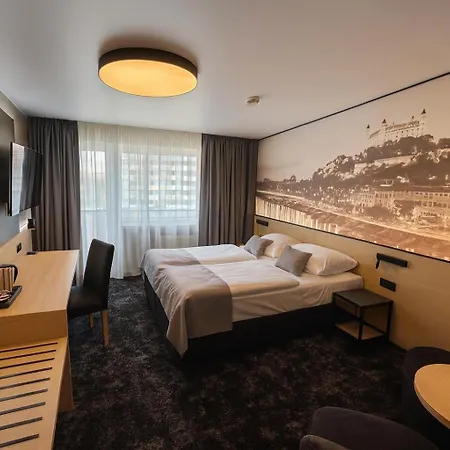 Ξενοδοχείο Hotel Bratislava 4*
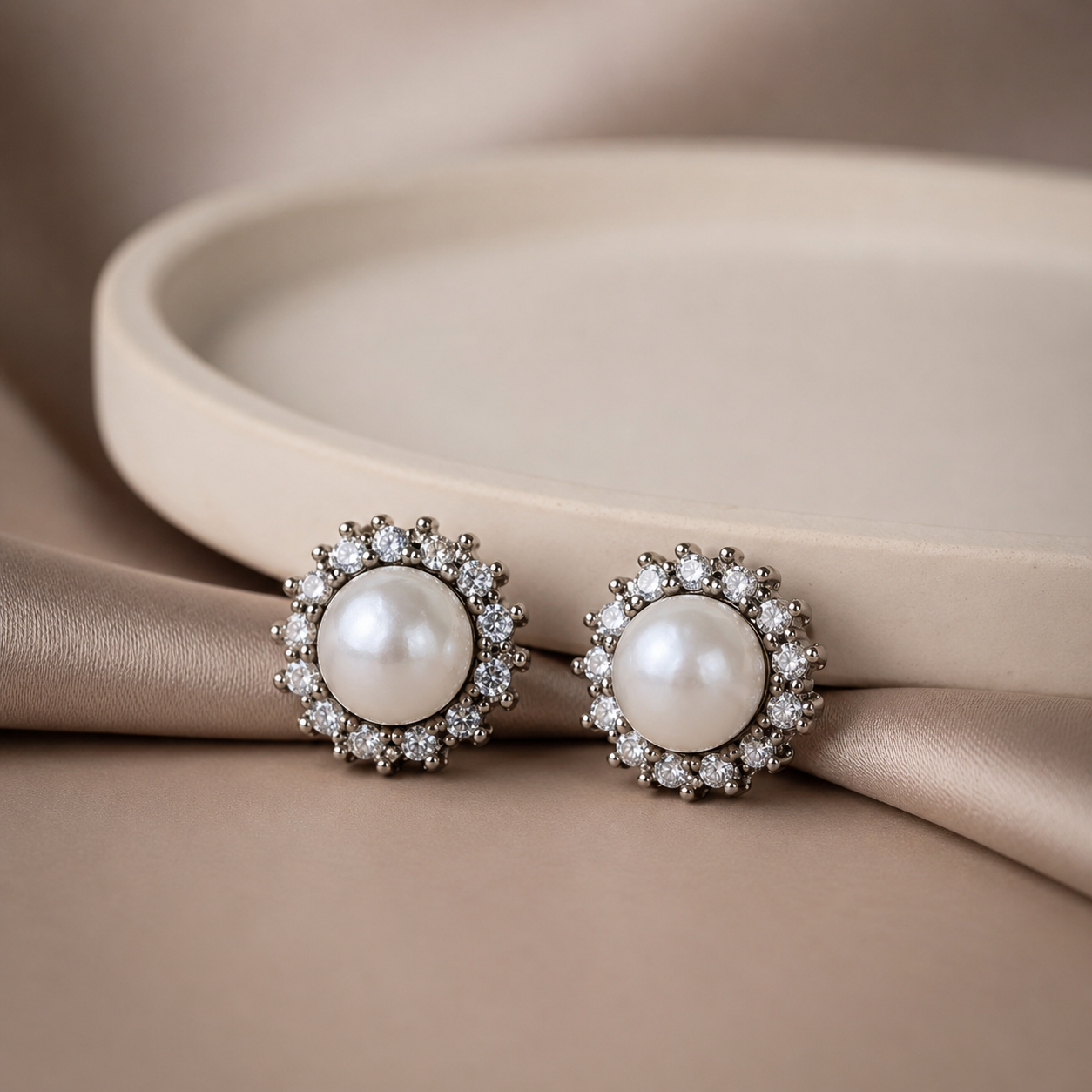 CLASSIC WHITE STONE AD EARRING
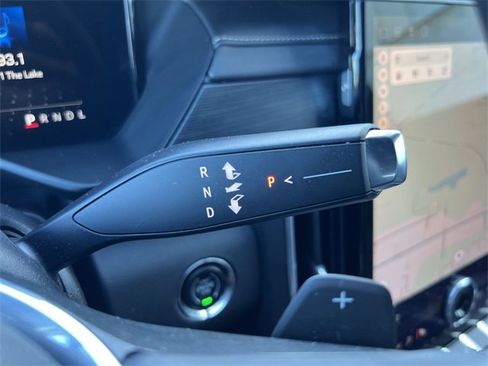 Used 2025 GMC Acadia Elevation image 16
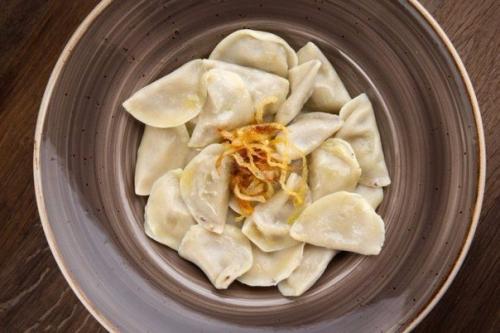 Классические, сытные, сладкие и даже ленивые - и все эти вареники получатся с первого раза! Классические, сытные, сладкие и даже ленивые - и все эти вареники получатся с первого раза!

^^^^^^^^

== Brief ==
Repeat the data word for word. Images are not part of the copy.

== Written solution ==
 Ξενοδοχείο Hotel Bratislava 4*
 CLASSIC WHITE STONE AD EARRING
 Used 2025 GMC Acadia Elevation image 16
 Классические, сытные, сладкие и даже ленивые - и все эти вареники получатся с первого раза! Классические, сытные, сладкие и даже ленивые - и все эти вареники получатся с первого раза!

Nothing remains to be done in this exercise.